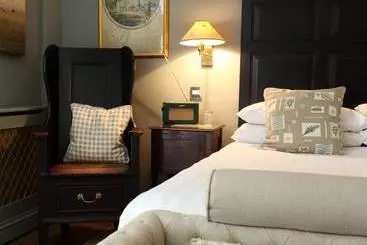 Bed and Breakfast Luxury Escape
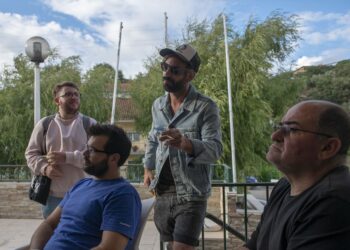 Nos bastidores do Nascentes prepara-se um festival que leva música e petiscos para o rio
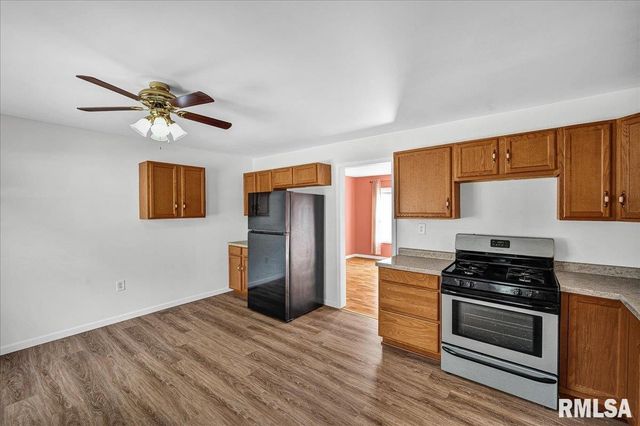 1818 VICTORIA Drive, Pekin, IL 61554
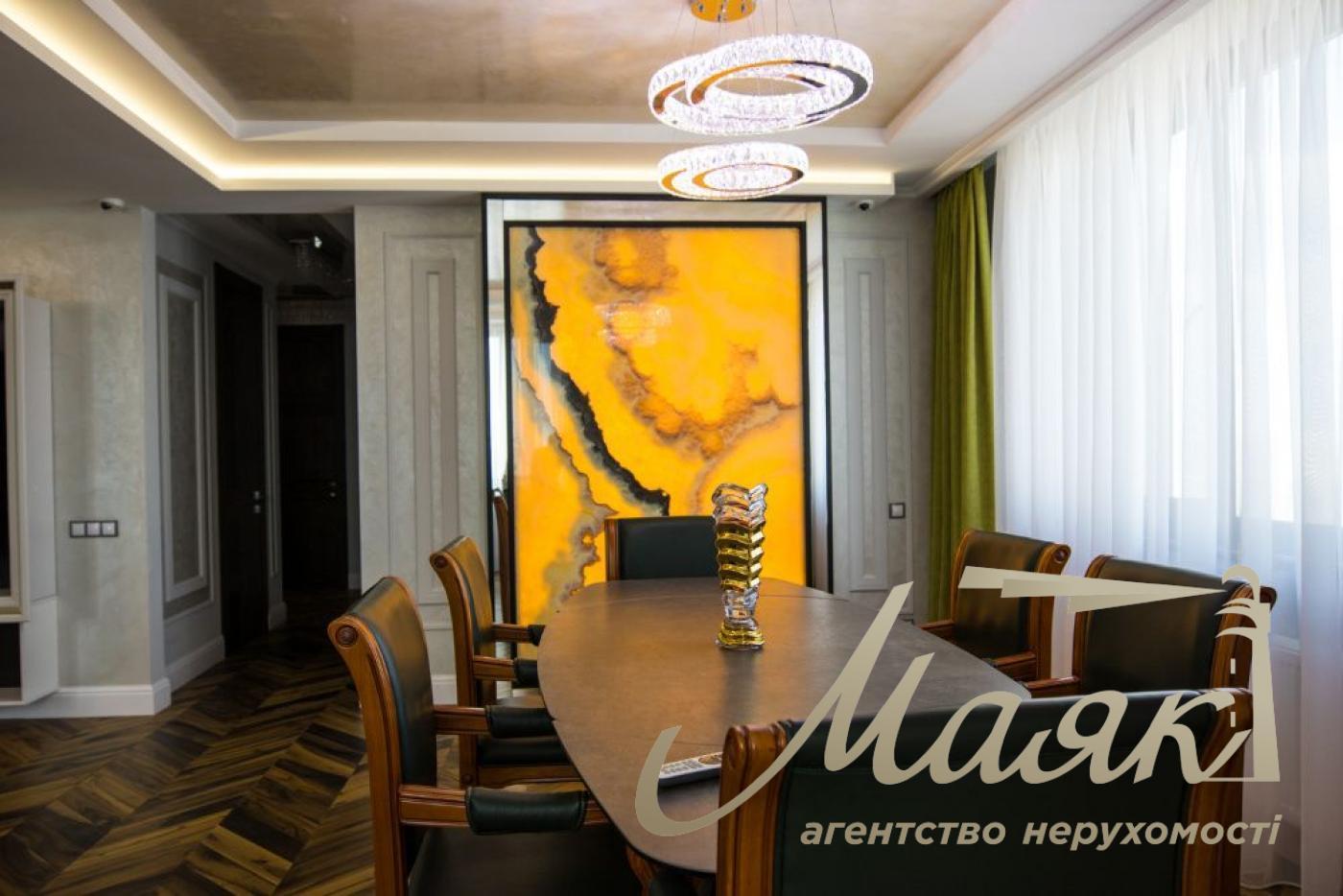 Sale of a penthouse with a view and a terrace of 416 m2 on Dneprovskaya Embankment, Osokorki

What the task asks:
Please write out the material from the line containing "Nos bastidores do" to its final line, both inclusive, exactly as it appears; pictures are not part of the copy.

Exercise response:
 Nos bastidores do Nascentes prepara-se um festival que leva música e petiscos para o rio
 1818 VICTORIA Drive, Pekin, IL 61554
 Sale of a penthouse with a view and a terrace of 416 m2 on Dneprovskaya Embankment, Osokorki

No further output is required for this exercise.